La democracia clásica se fundaba en el debate racional, en la deliberación pública y en el arduo trabajo de construir consensos mediante argumentos verificables. La infocracia, por su parte, opera mediante la acumulación masiva de datos que circulan sin ancla ni pretensión de verdad vinculante. No se trata solo de que dispongamos de más información —esa lectura sería ingenua—, sino de un cambio estructural profundo. La información se ha convertido en mercancía, en materia prima del poder, fragmentando el espacio público en burbujas herméticas donde cada quien habita su propia versión de la realidad.

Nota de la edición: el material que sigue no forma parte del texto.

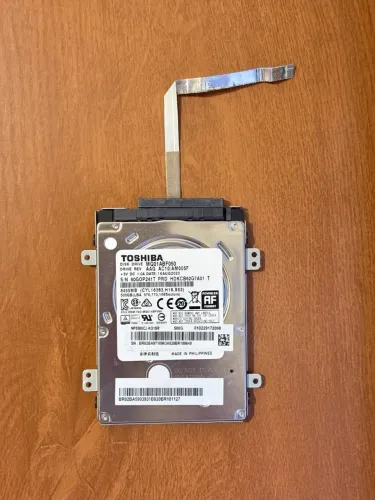 HD Toshiba 500 GB SATA para Notebook - Modelo MQ01ABF050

Esta nueva forma de dominación exige un concepto igualmente nuevo, y el filósofo lo acuña con precisión. La psicopolítica ya no necesita la coacción física ni la disciplina institucional que describió Foucault. Los algoritmos, alimentados por el “big data”, no solo predicen nuestros comportamientos, sino que los moldean, programan y orientan nuestros deseos y decisiones sin que lleguemos a advertirlo. Esta psicopolítica resulta más eficaz que cualquier régimen autoritario tradicional porque se presenta como su contrario.
Creemos elegir libremente, cuando en realidad estamos siendo programados. El sujeto contemporáneo se convierte en objeto de una vigilancia total que no se percibe como opresión, sino como conectividad, como la ilusión de estar más vivos que nunca.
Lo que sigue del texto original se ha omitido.